Lors de son discours de la Sorbonne le 26 septembre 2017, Emmanuel Macron a également appelé à utiliser l’opportunité du Brexit pour mettre en place des listes transnationales pour les élections européennes de 2019. Pour lui, ces listes doivent permettre de construire un “espace démocratique inachevé” en donnant la possibilité aux Européens de voter “pour un projet cohérent et commun” .

Quels en seraient les bénéfices ?

Dans une tribune publiée dans le Monde le 17 novembre 2017, les ministres français, italien et espagnol en charge des Affaires européennes affirment que ces listes pourraient amorcer la création d’un espace politique européen. Elles créeraient “une agora européenne” en portant à l’échelle continentale les débats.

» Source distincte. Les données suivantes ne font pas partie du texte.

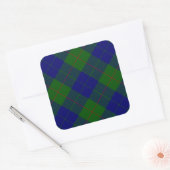 Sticker Carré Barclay tartan bleu vert plaid (Enveloppe)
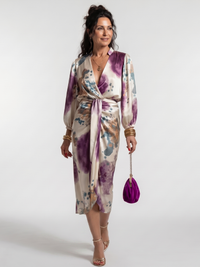 Valentina - Kreuzwickel-Taille Bedrucktes Midi-Kleid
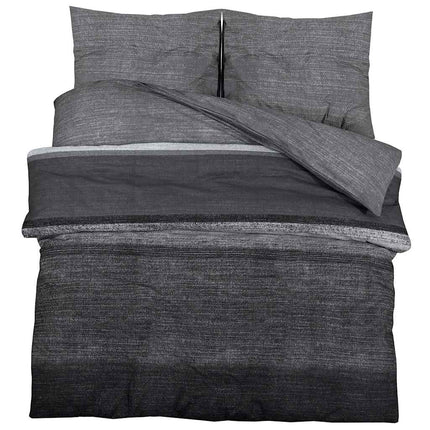 Bäddset mörkgrå 200x200 cm bomull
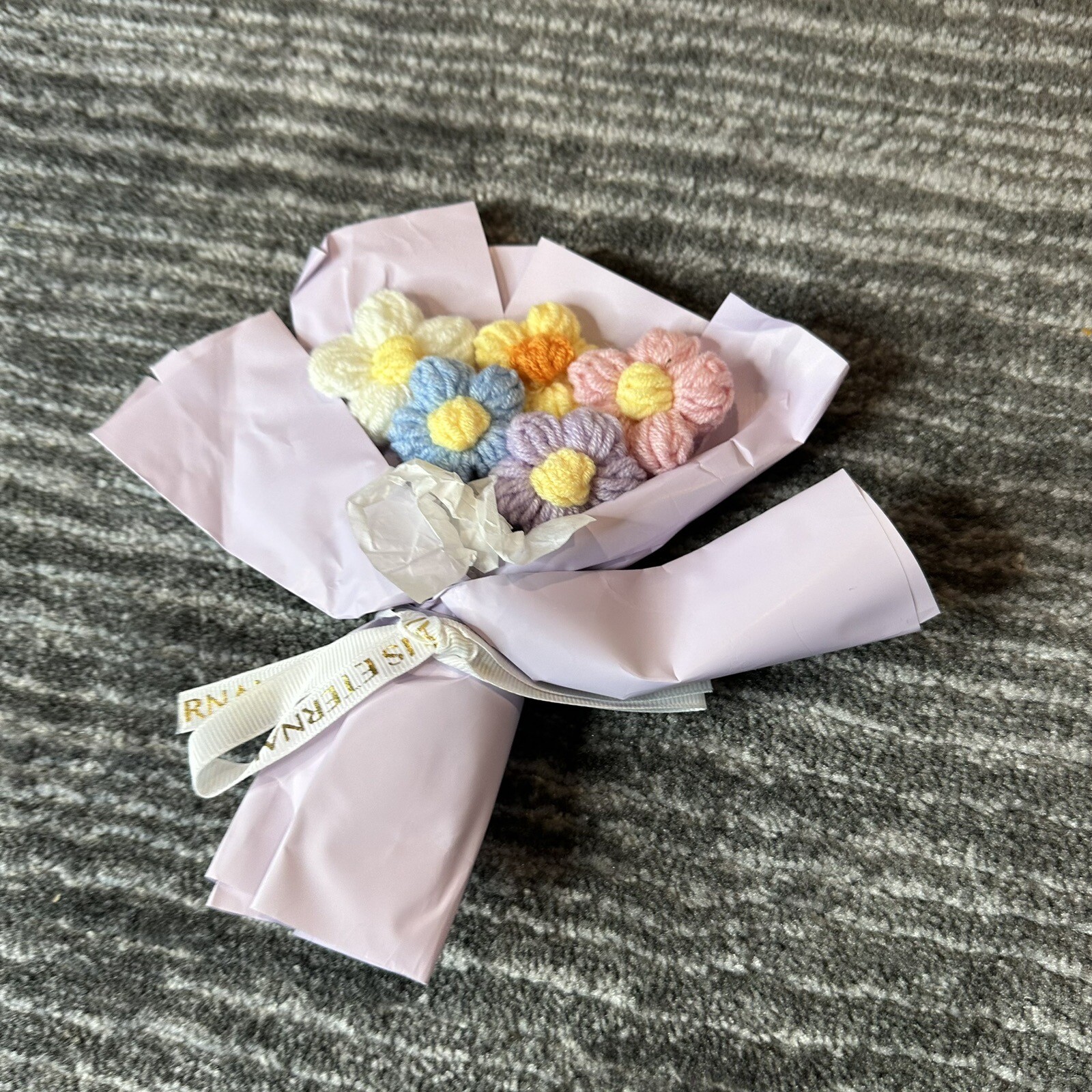 Crochet Flowers Bouquet Wool Mini Knitting Bouquet Gift Party Room Decor Daisy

Selon Charles de Marcilly, l’idée est que sur certains sujets “les listes répondent à des logiques politiques” européennes plutôt qu’à des logiques nationales. Le but est que le débat “dépasse les frontières géographiques” .

Les auteurs de la tribune soutiennent aussi qu’en plaçant les débats au niveau européen, chaque citoyen de l’UE pourrait bénéficier de points de vue étrangers. Cette plus grande diversité d’idées permettrait de mieux se connaître et de renforcer la cohésion européenne.

Dans son rapport sur la composition du Parlement européen, l’ancien député Andrew Duff expliquait en outre que l’espace politique européen a besoin de partis politiques européens forts. M. Duff plaidait donc pour l’attribution de sièges à une circonscription unique, afin de donner plus de poids politique à ces partis. Ce sont ces derniers qui organiseraient les listes et feraient campagne dans toute l’Union.

Quelles en seraient les limites et les obstacles ?

Adopter des listes transnationales pour les élections européennes s’avère toutefois être un projet difficile à mettre en œuvre. En effet, un changement du traité de Lisbonne pourrait être nécessaire à la création de telles listes, entrainant une procédure longue et complexe passant par des ratifications nationales. Par conséquent, tous les Etats membres ne soutiennent pas ce projet.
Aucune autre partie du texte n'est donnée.